– Сержант, – палец Нильсена ткнул в сторону Линдона Ли, – арестуйте этого человека!
Тот молча сделал жест двоим из своих людей, чтобы они взяли арестанта под стражу.
– И этих, – палец указал на четверку злоумышленников, давеча державших его за руки, потом голос его сорвался, – арестуйте всех!!! Это банда саботажников, бунтовщиков и пр-редателей!!!
Так. Выпученные глаза, багровая физиономия, жилы на шее, и, главное, безобразно встрепанные волосы. Еще чуть-чуть – и забьется в припадке. Явно не соображает, что творит.

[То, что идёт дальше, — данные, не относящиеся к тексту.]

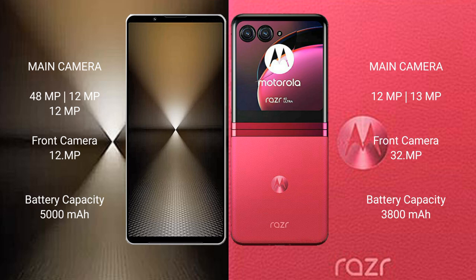The Sony Xperia 1 MVI features a rear triple camera setup: 48MP plus 12MP plus 12MP, and a front camera of 12MP.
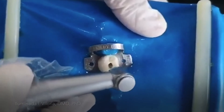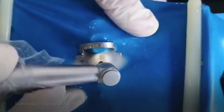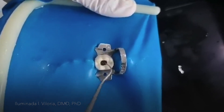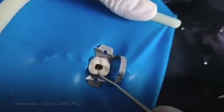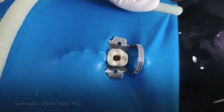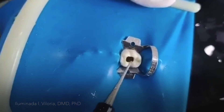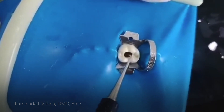My burr is directed towards the orifice. Try to feel if there is still any touch on all the walls. Look for the canal orifice first using your endodontic explorer. Once you have located it, you can feel the touch.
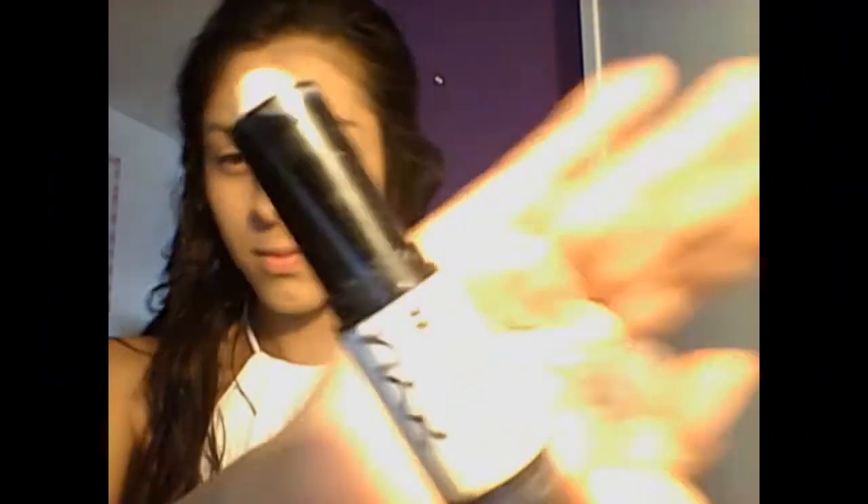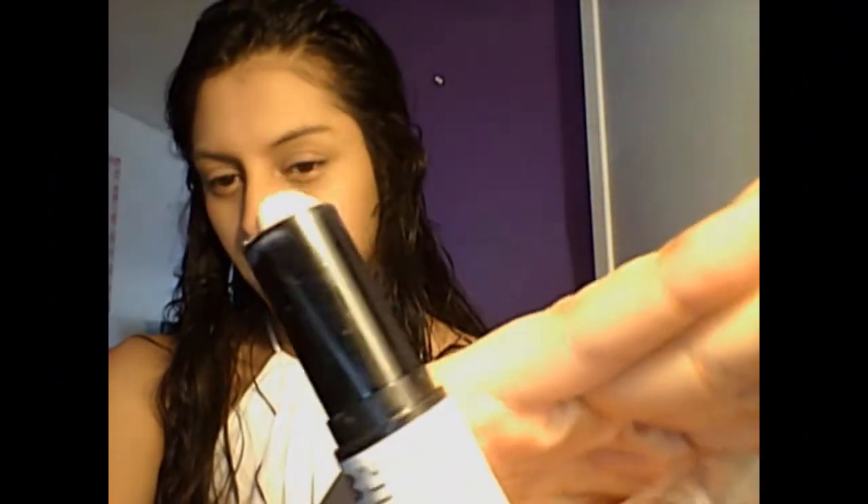First I use my NYX Wonder Stick highlighting and contouring. I put it under my eyes, my forehead, and my cheeks. Then I use the same stick to contour my face, my nose, my forehead. I personally like this stick because it's really soft.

– Сэр, если речь идет о бунте и массовых беспорядках, я обязан доложить дежурному офицеру.
– Сержант! Выполнять!!!
– Ничем не могу помочь, сэр. Я не наблюдаю прямого насилия, а лейтенант Кемпбелл прибудет через минуту, сэр. Я доложил суть возникших затруднений и, думаю, он легко разрешит возникшую проблему.
– Ах, ты…
Сержант увернулся от удара, не сходя с места.
– Сэр, ваши действия опасны прежде всего для вас. Я обязан позаботиться о вашей безопасности. Любыми средствами.
Почуявший неладное лейтенант не замедлил явиться на место происшествия, и бешено брыкающегося Нильсена немедленно доставили в медицинский блок.
– У него давление двести тридцать и пульс сто сорок. Удача еще, что жив. – Спустя полтора часа докладывал по телефону почтенный эскулап. – Приступ дикого буйства. Дал ему лошадиную дозу торазина, так практически никакого эффекта…
– Что с ним, док?
– Явления характерны для целого ряда заболеваний. Возможно, что-нибудь эндокринное. Или острый психоз. Ряд нейроинфекций тоже протекают со сходной симптоматикой. Вплоть до бешенства.
– Понятно. Вам самим, следовательно, не справиться.
– Очень тяжелый случай. Не только не ручаюсь за его жизнь, но даже и первую помощь полноценно оказать не смогу. Его нужно срочно эвакуировать в госпиталь.
– Медицина, по обыкновению, темнит, но в последнее время они все больше склоняются к какому-то там особо злому сорту шизофрении, которая якобы тоже протекает с температурой, буйством и кончается похоронами. Типа того, что он и раньше-то был чокнутый, а теперь, с повышением ответственности, не выдержал и вообще съехал. А пока что плодом его бурной деятельности является широкое тиражирование исходных материалов в каких-то гомерических масштабах…
– Чушь! Нашли шизофреника! Я знаю его тыщу лет, и более здоровой сволочи с более крепкими нервами…
– Отлично. Значит, тебе будет что сказать на комиссии, которую срочно создали для расследования вопиющего случая выбора для ответственной работы явного душевнобольного…
– А-а, вот как, значит? Значит, платить за битые горшки предоставляется мне?
– Так кому-то же надо? А креатура это была твоя, всецело, так что…
– Джон…
– Что?
– А точная величина тиража, – ну, о котором ты говорил, – она известна?
– Официального уточнения пока что не проводилось, так что и цифр никто не называл… А ты хочешь сказать…
– Да. Хочу сказать, что в этом плане шум может быть только на пользу. В смысле – шумок.
– Узнал. Лежит без сознания, постоянно на медикаментах, непрерывно капают какую-то дрянь, чтоб снизить давление, но пара-тройка кровоизлияний как будто бы уже были. Высох на щепку, постоянно температура за сорок. У докторов вид скорбно-отрешенный, говорят, что с такой болячкой шансов практически нет, но врут, потому что на самом деле до сих пор не знают, что с ним такое.
– А ты, понятно, сказал, что сильно волнуешься за его здоровье, а? Или, того хуже, что волнуемся мы все, а тебе – поручили разузнать?
– Что-то вроде того. А что мне еще было сказать?
– Ты все-таки выдающийся лицемер.
– Я математик. И знаю, что не соврал ни единого слова. Потому что беспокоиться о здоровье можно на две стати: как бы не помер и как бы не выздоровел.
– Логично. Печально, потому что именно такого мы не планировали.